Brief descriptive captions:
____________________
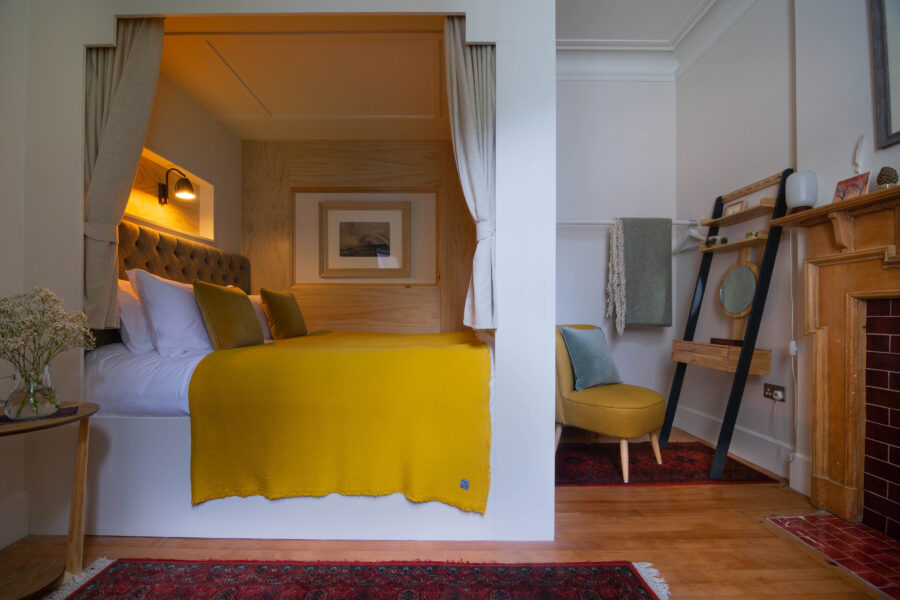 Yellow bedroom with four poster bed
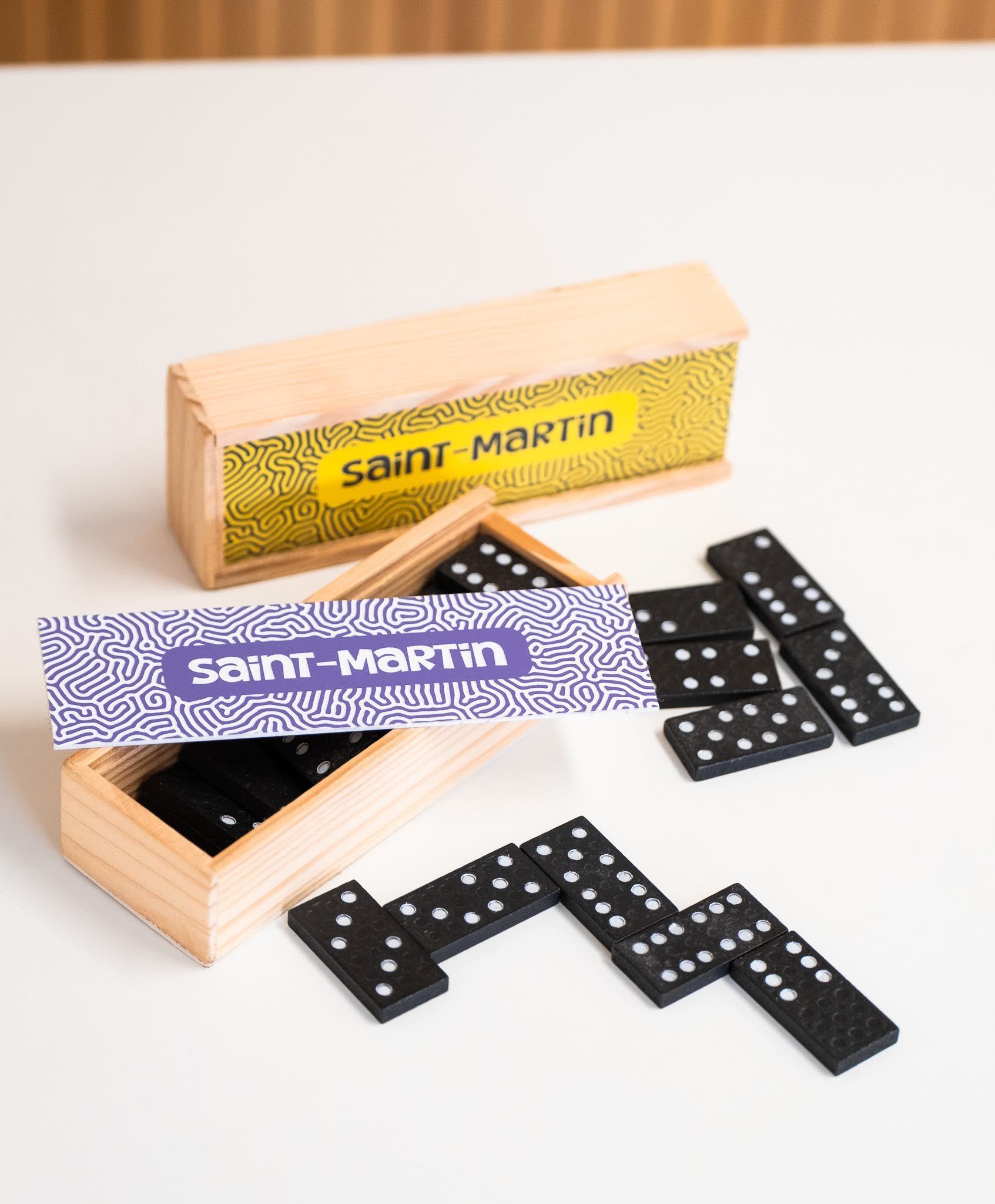 Un jeu de dominos dans une boîte en bois sur une table.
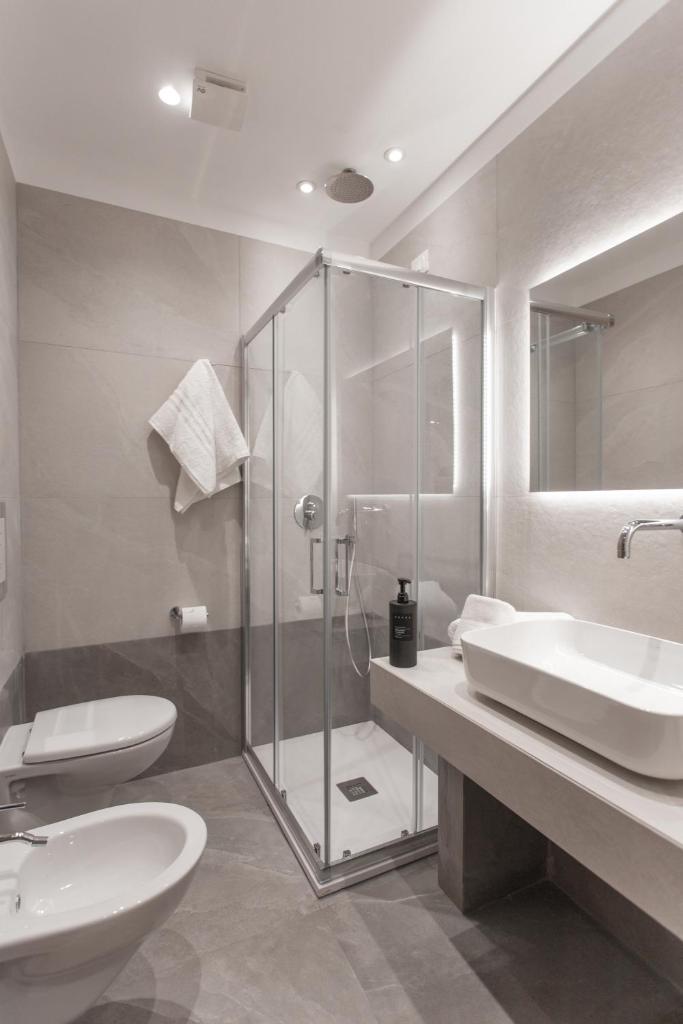 une salle de bain avec une douche en verre et un lavabo dans l'établissement Alexander House Hotel, à San Ferdinando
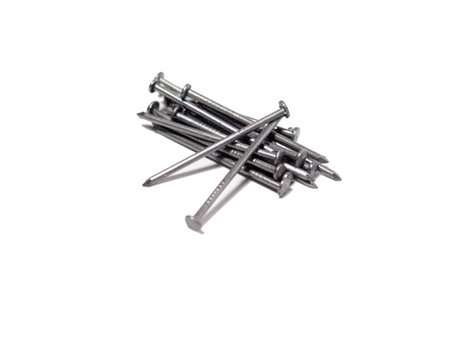 A handful of nails on a white background. Isolate.の写真素材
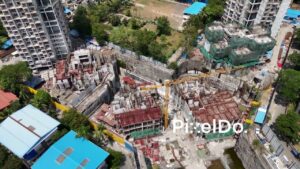 PD1007 - Aerial Orbit of a Large Urban Construction Site with Tower Crane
____________________
Write out all the entries exactly, except for the pictures.

### Response to the task
 Yellow bedroom with four poster bed
 Un jeu de dominos dans une boîte en bois sur une table.
 une salle de bain avec une douche en verre et un lavabo dans l'établissement Alexander House Hotel, à San Ferdinando
 A handful of nails on a white background. Isolate.の写真素材
 PD1007 - Aerial Orbit of a Large Urban Construction Site with Tower Crane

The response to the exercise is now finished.